Renault and Nissan have been working together in a stable and harmonious alliance for a number of years, or so it seemed. Events since December last year, however, have painted this partnership in a very different light.
The alliance, which recently expanded to include Mitsubishi, is considered among the earliest forms of manufacturer collaboration, having been established 20 years ago. This trend is now sweeping the industry apace as costs of technology development rise and pressure mounts from legislative and external forces. Both companies retained their independence, producing their own vehicles on their own platforms, but benefitted from shared developments and market penetration.
However, in November 2018, news came to light that Nissan chairman and Renault CEO, Carlos Ghosn, had been arrested and detained in Japan over accusations of financial misconduct in his role at the Japanese manufacturer.
It later transpired that Nissan CEO Hiroto Saikawa might have been responsible for alerting the authorities, following the Brazilian’s attempts to manoeuvre a full takeover of the company by Renault.
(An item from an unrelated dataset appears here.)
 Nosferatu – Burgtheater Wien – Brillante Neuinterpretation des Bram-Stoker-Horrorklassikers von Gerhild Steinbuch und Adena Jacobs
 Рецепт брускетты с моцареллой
The move started a lot of finger-pointing at Nissan, with allegations of self-dealing and filing of false statements rife in the business.
The move also highlighted that Nissan, under Saikawa’s leadership, is not happy with its role in the alliance. At a time when carmakers are working closer together, the move to oust Ghosn showed that rather than forge closer ties through a merger, the carmaker would rather be an individual entity running its own affairs.
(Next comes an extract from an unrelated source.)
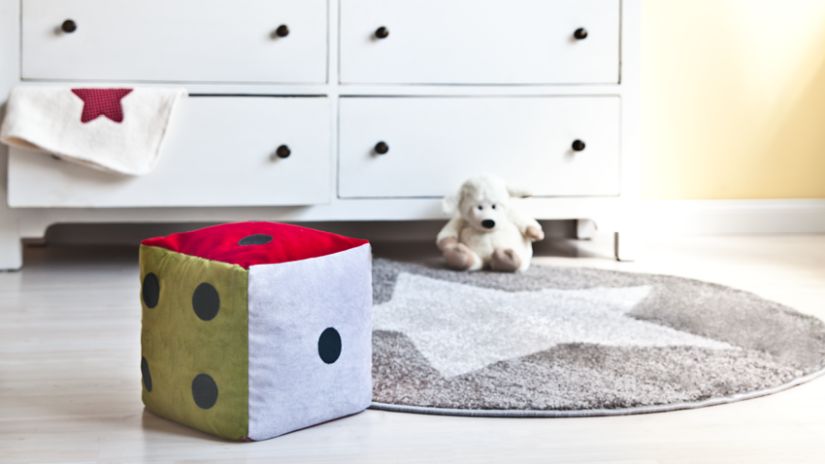 weißer Kinderkleiderschrank für kleine Jungen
′We want a win-win relationship with Renault,’ said Saikawa in June. The alliance has been successful until now because we have respected each other’s independence.
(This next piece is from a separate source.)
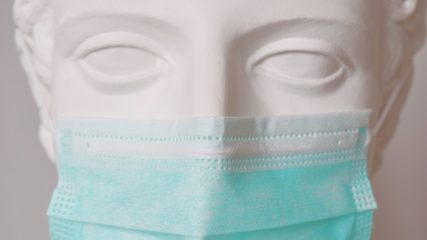 Maschera per il viso. 7 argomenti a favore che salvano vite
′If necessary, we will put our capital structure on the table. If the relationship becomes a win-lose one, the relationship will break up very quickly.’
The Ghosn move also shone a light on the current makeup of shares between the two businesses. Renault currently has a 43.4% stake in Nissan, with seats on the board and therefore voting rights on its decisions. However, the Japanese carmaker only has a 15% non-voting stake in the French manufacturer.
To sour the waters further, Renault initially ′stuck by their man’ and refused to remove Ghosn from his role as CEO and chairman. When Nissan provided further evidence to the company, and as allegations surfaced about further financial wrongdoing in his position at the French carmaker, it accepted his resignation and split the positions, installing Thierry Bolloré as CEO and Jean-Dominique Senard as chairman.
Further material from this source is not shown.